*** Information shown ***
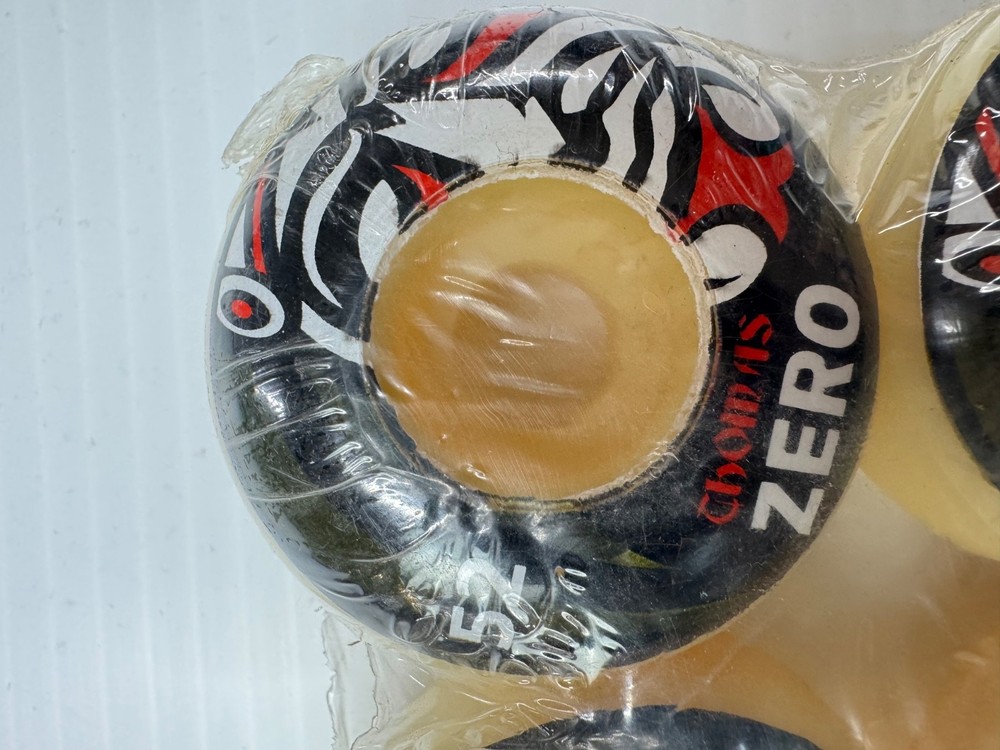 Vintage NOS Zero Jaimie Thomas skateboard wheels 52mm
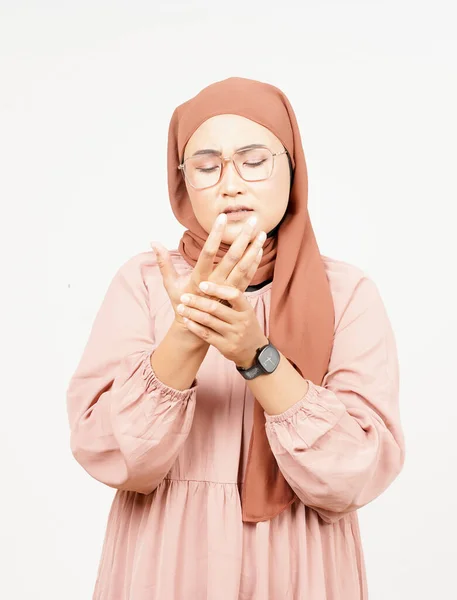 Sofrendo Dor Nas Mãos Bela Mulher Asiática Vestindo Hijab Isolado — Fotografia de Stock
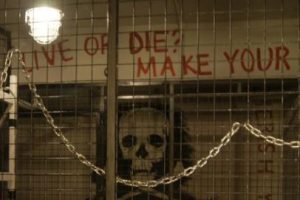 玩密室逃脱发朋友圈的句子 第一次玩密室的搞笑说说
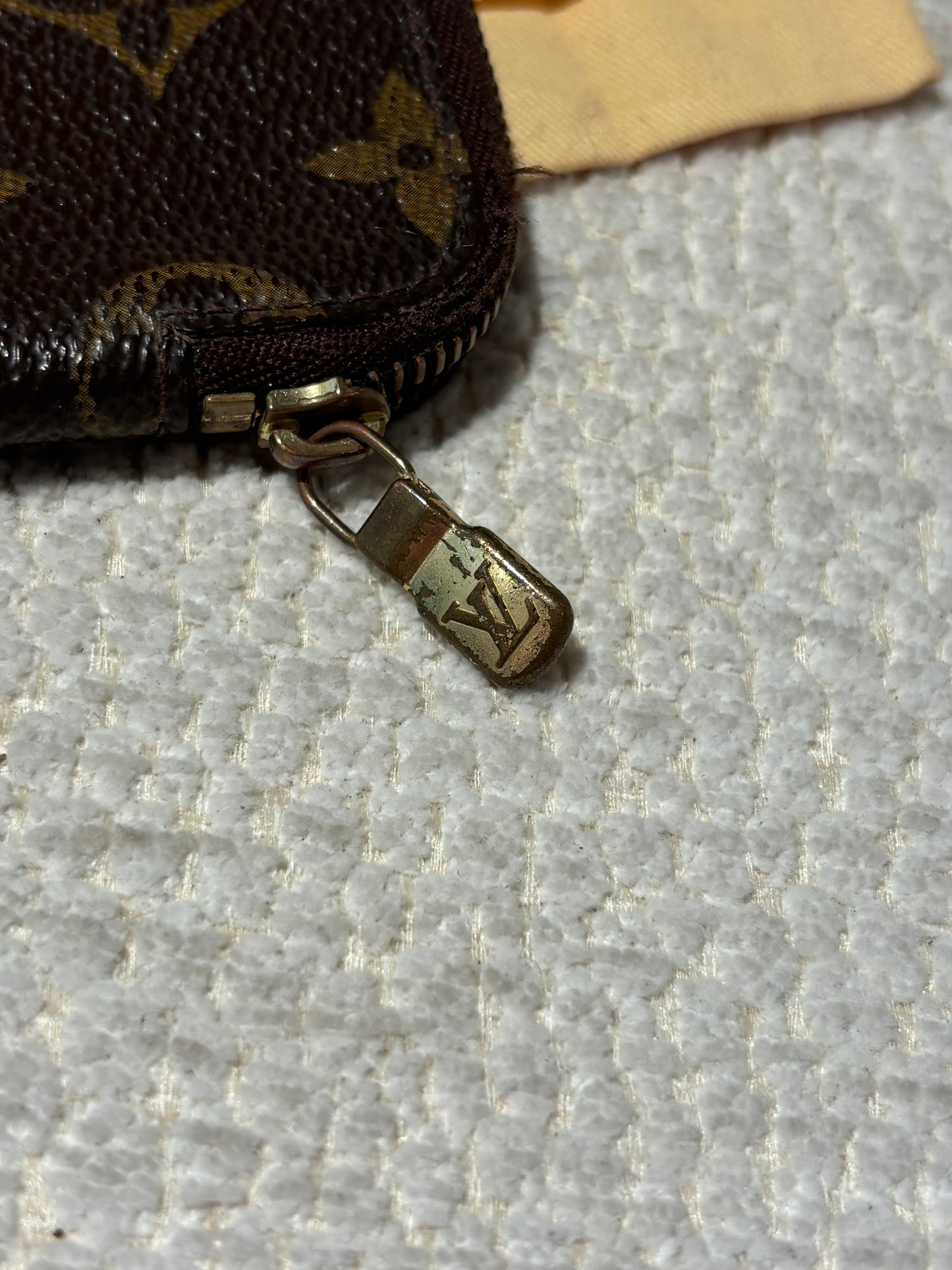 Louis Vuitton Key Holder - Monogram Leather & Gold Hardware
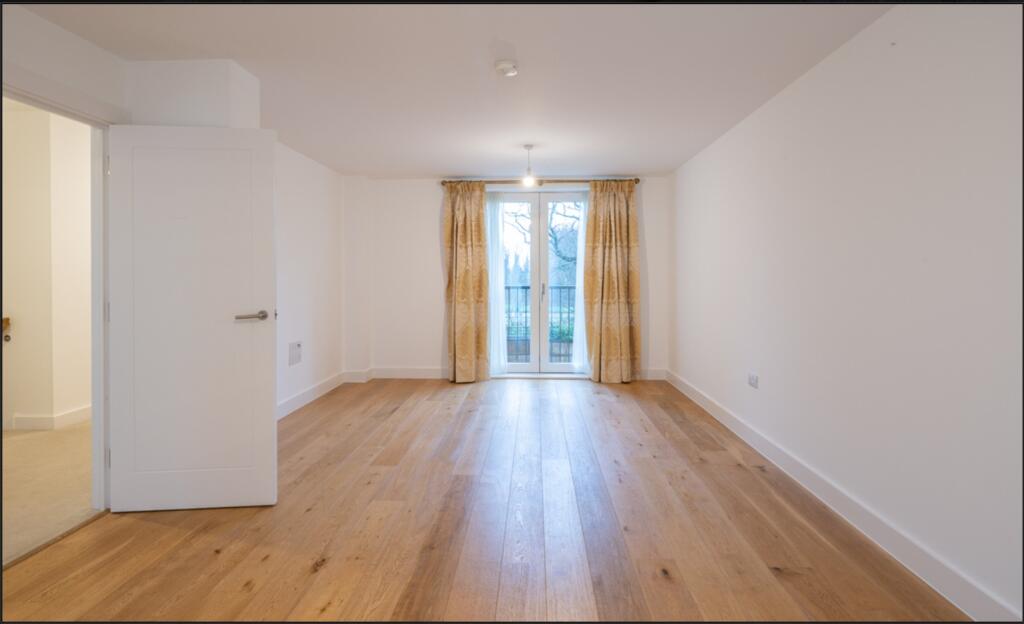 Additional property image - Brook End Close, Trumpington, CAMBRIDGE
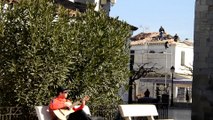 Saintes-Maries-de-la-Mer, guitare et chant devant l'église Notre-Dame-de-la-Mer du 9ème siècle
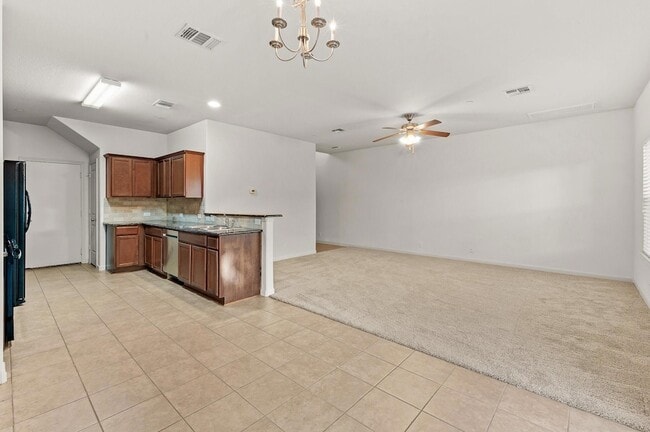 Building Photo - 1620 Bryant Dr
***
• What you will do:
Pictures are not part of the copy; reproduce everything else in the records exactly.

• Written solution:
 Vintage NOS Zero Jaimie Thomas skateboard wheels 52mm
 Sofrendo Dor Nas Mãos Bela Mulher Asiática Vestindo Hijab Isolado — Fotografia de Stock
 玩密室逃脱发朋友圈的句子 第一次玩密室的搞笑说说
 Louis Vuitton Key Holder - Monogram Leather & Gold Hardware
 Additional property image - Brook End Close, Trumpington, CAMBRIDGE
 Saintes-Maries-de-la-Mer, guitare et chant devant l'église Notre-Dame-de-la-Mer du 9ème siècle
 Building Photo - 1620 Bryant Dr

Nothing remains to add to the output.